PJ Harvey tem coisas muito importantes para dizer – outra vez
The Hope Six Demolition Project resultou de viagens ao Afeganistão, ao Kosovo e a Washington. É um álbum negro, habitado pelos fantasmas bem vivos deste nosso tempo. Agora chega ao Coliseu dos Recreios, em Lisboa.
Não será um concerto de blues endiabrado e guitarra em punho a corroer o rock’n’roll. Não. Isso já foi há muito tempo e, neste tempo, não é isso que PJ Harvey persegue. Ou melhor, será um concerto de blues, mas blues arrancado às entranhas, blues enquanto retrato e denúncia. Sabemos porque vimos o que aconteceu dia 10 Junho no Nos Primavera Sound, no Porto, quando PJ Harvey assinou o concerto mais relevante, o mais negro e emocionalmente intenso do dia, com entrada directa para a história do festival. Quem o viu, ou quem ouviu os relatos do que se passou, não pode não estar ansioso pelo reencontro esta quinta-feira no Coliseu dos Recreios, em Lisboa (21h, bilhetes a 40 euros).

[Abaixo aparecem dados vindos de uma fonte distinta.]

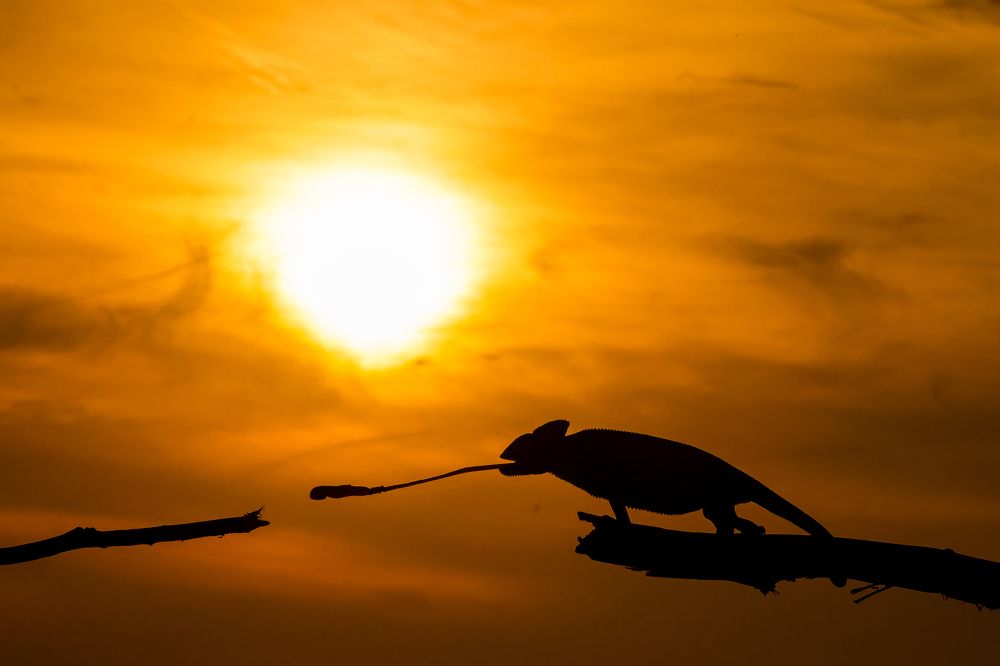 Photograph by Dhruv Shilpi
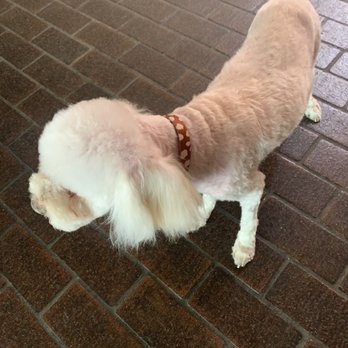 Heavenly Paws - Pet Groomers Near Me - Upland, California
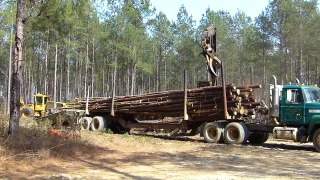 Logging in Georgia Pt 2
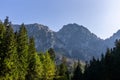 Giewont Mountain Sleeping Knight in Tatra Mountains in Poland, view of the Great Giewont peak with steel cross among pine trees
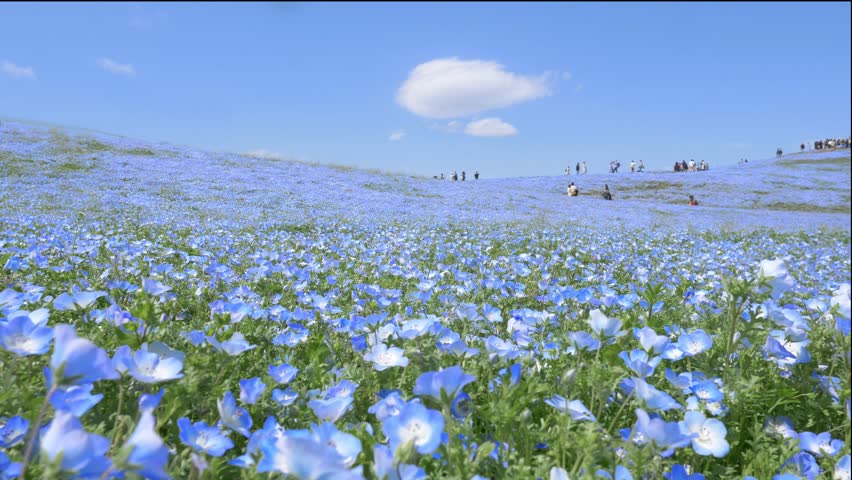 peaceful blue flower field in Hitachi seaside park, tourism in Japan, beautiful blooming nemophila field in summer with blue sky Royalty-Free Stock Footage #1103014617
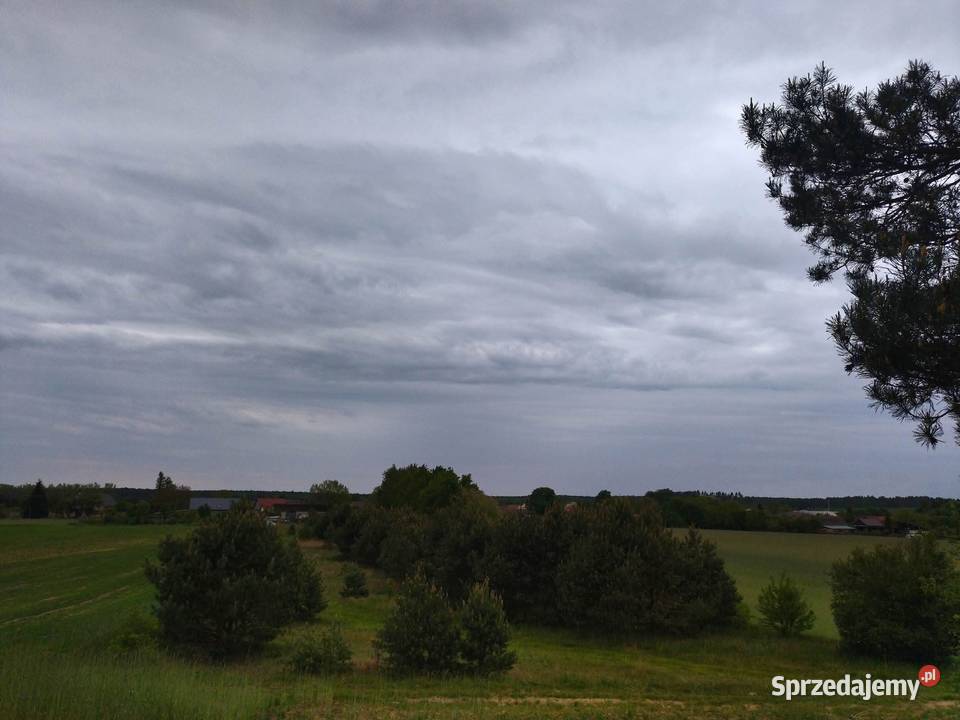 Działka budowlana Świerczyna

Cinco anos antes víramos a primeira parte desta história, quando PJ Harvey apresentou Let England Shake em duas datas esgotadas na Aula Magna, em Lisboa. Era um álbum inspirado em leituras sobre a Primeira Guerra Mundial e sobre a poesia que brotou daquele cenário. Um álbum habitado por fantasmas dolorosos e permanentes, os da guerra que tudo ceifa, das trincheiras que sufocam, da impotência do homem soldado que não passa de peão de uma máquina que não controla. Cantou-o vestindo de negro, plumas caindo-lhe sobre o rosto. “What is the glorious fruit of our land?”, perguntou em The glorious land, “Its fruit is deformed children”.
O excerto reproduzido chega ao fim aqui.